Uma pesquisa em andamento no Museu de Arqueologia e Etnologia (MAE) da USP deu origem ao primeiro panorama sobre a arqueologia de povos indígenas no território que compreende o atual Estado de São Paulo. O mapa interativo apresenta ao usuário uma visão espacial das diversas manifestações culturais indígenas presentes em território paulista.
“Estamos aqui tratando dos vestígios de materiais associados a grupos indígenas que ocuparam esta porção do Continente Americano desde tempos imemoriais. Não temos em nossos bancos de dados sítios associados ao contato com o elemento europeu ou africano”, explicam os pesquisadores do Laboratório Interdisciplinar de Pesquisas em Evolução, Cultura e Meio Ambiente (Levoc) do MAE, responsáveis pelo mapa. O grupo justifica utilizar o termo “indígenas” ao invés de “pré-coloniais” por um motivo simples: o recorte não é cronológico, mas cultural.
Resultado de um Projeto Temático da Fundação de Amparo à Pesquisa do Estado de São Paulo (Fapesp), o mapa conta com mais de 2 mil dados que foram cadastrados, até o lançamento, a partir de um banco de dados produzido com a compilação de teses, artigos e relatórios, além de informações coletadas no Instituto do Patrimônio Histórico e Artístico Nacional (Iphan) e na biblioteca do MAE. O banco de dados que alimenta o mapa será regularmente atualizado, podendo ampliar as informações disponíveis. “No banco de dados podem ser consultados desde os sítios pré-coloniais até sítios mais recentes, do início do século 20. É a primeira compilação que unifica todas as informações, nunca tivemos isso e é um grande avanço tanto para o conhecimento científico quanto para a comunidade em geral”, afirma Letícia Corrêa, historiadora pela Universidade Metodista de Piracicaba (Unimep), mestre e doutora em arqueologia pelo MAE e uma das pesquisadoras envolvidas na criação do mapa.
O banco de dados foi criado utilizando coordenadas de localização UTM e dados WGS 84, disponíveis em aparelhos de GPS. Em sítios arqueológicos mais antigos, cuja localização não é precisa, o grupo de pesquisa optou por fornecer as coordenadas do centro do município onde se situa. Um dos diferenciais do mapa arqueológico criado no MAE é a preocupação em apresentar a filiação cultural, informando sempre que possível o grupo indígena e o tipo de artefato encontrado, como pedras, lascas ou cerâmicas.

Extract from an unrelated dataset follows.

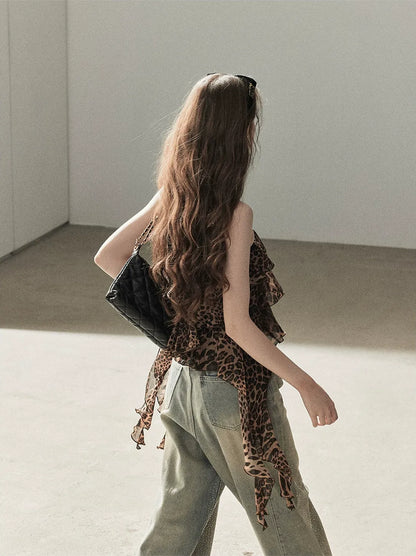Leopard Ruffle Halter Top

Para Astolfo Araújo, geólogo pelo Instituto de Geociências (IGc) da USP, mestre e doutor em arqueologia pelo MAE e coordenador do Levoc, a concepção do mapa só foi possível graças à interdisciplinaridade e colaboração entre diferentes áreas do conhecimento. Mas reforça a importância de se valorizar a informação advinda dos próprios povos tradicionais de cada território mapeado. “Esse é um problema com o qual nos deparamos: infelizmente uma quantidade significativa de sítios foi cadastrada sem nenhuma informação sobre sua filiação cultural. Isso até seria aceitável nos primórdios da arqueologia brasileira, digamos até os anos 1960, mas de lá para cá já há um grande volume de conhecimentos e a atribuição dos sítios a algum referente cultural é quase uma obrigação”, afirma ele acrescentando que diversos municípios do interior estão cadastrados entre eles a cidade de Iracemápolis.
Araújo explica que, a partir de cada relação entre local e tradição arqueológica determinada pelo mapeamento, fica mais fácil compreender e visualizar quais áreas eram ocupadas por cada povo indígena.
“A arqueologia tem um potencial enorme para dialogar com os grupos indígenas. Quando vemos algumas exposições, a impressão é que esses grupos não têm passado. Você nunca vê uma peça arqueológica exposta para mostrar como a presença deles é antiga”, completa o geólogo.